What to work on:
An exact copy of the lines of the listing below between the "5th image of 4923 49th Ave" line and the "Image of Kubota ZD326 equipment image 4" line, both included, is the whole answer; please omit the pictures.

Source material:
================

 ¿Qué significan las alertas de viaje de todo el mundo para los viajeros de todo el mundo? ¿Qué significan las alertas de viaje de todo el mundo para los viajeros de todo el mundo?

================

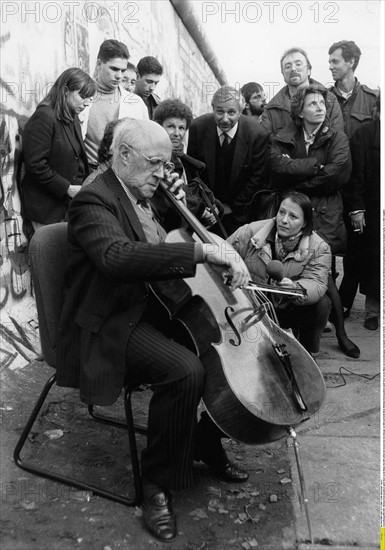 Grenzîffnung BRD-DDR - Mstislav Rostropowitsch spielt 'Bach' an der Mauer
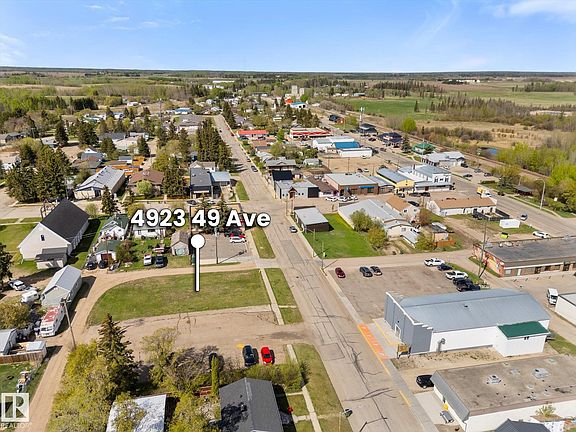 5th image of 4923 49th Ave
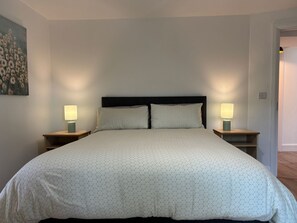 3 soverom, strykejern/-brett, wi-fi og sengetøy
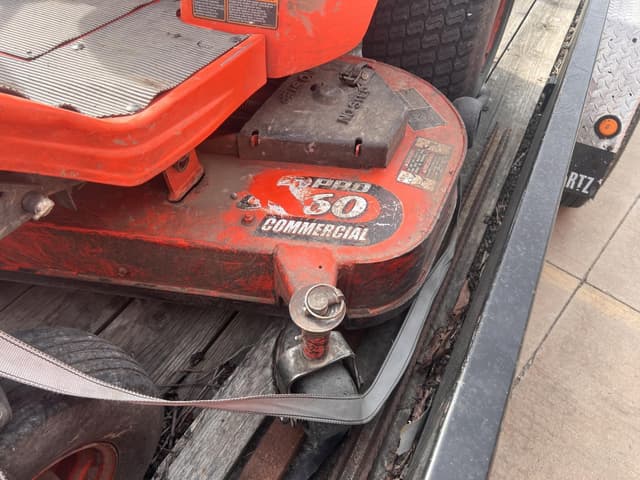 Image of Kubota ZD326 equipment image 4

================

Reply to the task:
 5th image of 4923 49th Ave
 3 soverom, strykejern/-brett, wi-fi og sengetøy
 Image of Kubota ZD326 equipment image 4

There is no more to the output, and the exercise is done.